On Thu, May 21, 2015 at 05:35:02AM -0700, Stephane Eranian wrote:
> Peter,
>
> On Thu, May 21, 2015 at 4:17 AM, Peter Zijlstra <[email protected]> wrote:
> > Commit 43b4578071c0 ("perf/x86: Reduce stack usage of
> > x86_schedule_events()") violated the rule that 'fake' scheduling; as
> > used for event/group validation; should not change the event state.
> >
> > This went mostly un-noticed because repeated calls of
> > x86_pmu::get_event_constraints() would give the same result. And
> > x86_pmu::put_event_constraints() would mostly not do anything.
> >
> > Things could still go wrong esp. for shared_regs, because
> > cpuc->is_fake can return a different constraint and then the
> > put_event_constraint will not match up.
> >
> I don't follow this here. What do you mean by 'match up'?

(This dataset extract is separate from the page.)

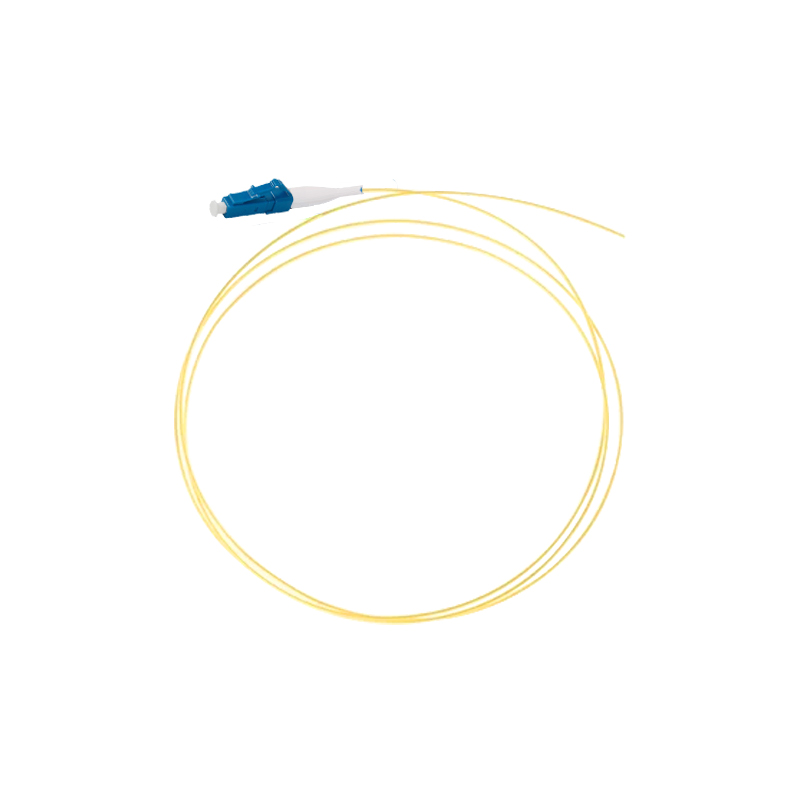 Single Mode Simplex LC UPC Fiber Optic Pigtail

Ah, I wrote that Changelog for a prior patch; which by writing the
changelog I found faulty.

But I then forgot to update the Changelog.

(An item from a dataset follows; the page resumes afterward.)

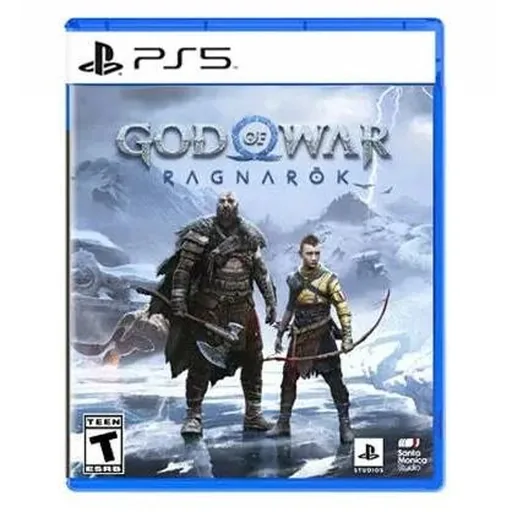 God of War Ragnarok, Tekken 8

I was under the impression put_event_constraints() would actually take
the constraint as an argument, and with the below example, it would not
do put on the same it would get.

> > Commit e979121b1b15 ("perf/x86/intel: Implement cross-HT corruption
> > bug workaround") made the situation much worse by actually setting the
> > event->hw.constraint value to NULL, so when validation and actual
> > scheduling interact we get NULL ptr derefs.
> >
>
> But x86_schedule_events() does reset the hw.constraint for each invocation:
>
> c = x86_pmu.get_event_constraints(cpuc, i, cpuc->event_list[i]);
> hwc->constraint = c;

Yes, so if you have:

validate_group()

hwc->constraint = c;

<context switch>

c = hwc->constraint;

The second c might not be the first.

2015-05-21 13:07:24

by Stephane Eranian

[permalink] [raw]
Subject: Re: [PATCH 01/10] perf,x86: Fix event/group validation

On Thu, May 21, 2015 at 5:56 AM, Peter Zijlstra <[email protected]> wrote:
> On Thu, May 21, 2015 at 05:35:02AM -0700, Stephane Eranian wrote:
>> > Commit e979121b1b15 ("perf/x86/intel: Implement cross-HT corruption
>> > bug workaround") made the situation much worse by actually setting the
>> > event->hw.constraint value to NULL, so when validation and actual
>> > scheduling interact we get NULL ptr derefs.
>> >
>>
>> But x86_schedule_events() does reset the hw.constraint for each invocation:
>>
>> c = x86_pmu.get_event_constraints(cpuc, i, cpuc->event_list[i]);
>> hwc->constraint = c;
>
> Yes, so if you have:
>
> validate_group()
>
> hwc->constraint = c;
>
Ok, you get that because validate_group() invokes x6_schedule_events() but
on the fake_cpuc. This on fake_cpuc->event_list[]->hwc.

> <context switch>
>
> c = hwc->constraint;
>
> The second c might not be the first.
And where does this assignment come from?
For actual scheduling, we are using the actual cpuc, not fake_cpuc.
Validate_group() does not modify global cpuc state. Or am I missing something?

2015-05-21 13:10:01

by Peter Zijlstra

[permalink] [raw]
Subject: Re: [PATCH 01/10] perf,x86: Fix event/group validation

On Thu, May 21, 2015 at 06:07:20AM -0700, Stephane Eranian wrote:
> On Thu, May 21, 2015 at 5:56 AM, Peter Zijlstra <[email protected]> wrote:
> > On Thu, May 21, 2015 at 05:35:02AM -0700, Stephane Eranian wrote:
> >> > Commit e979121b1b15 ("perf/x86/intel: Implement cross-HT corruption
> >> > bug workaround") made the situation much worse by actually setting the
> >> > event->hw.constraint value to NULL, so when validation and actual
> >> > scheduling interact we get NULL ptr derefs.
> >> >
> >>
> >> But x86_schedule_events() does reset the hw.constraint for each invocation:
> >>
> >> c = x86_pmu.get_event_constraints(cpuc, i, cpuc->event_list[i]);
> >> hwc->constraint = c;
> >
> > Yes, so if you have:
> >
> > validate_group()
> >
> > hwc->constraint = c;
> >
> Ok, you get that because validate_group() invokes x6_schedule_events() but
> on the fake_cpuc. This on fake_cpuc->event_list[]->hwc.
>
> > <context switch>
> >
> > c = hwc->constraint;
> >
> > The second c might not be the first.
> And where does this assignment come from?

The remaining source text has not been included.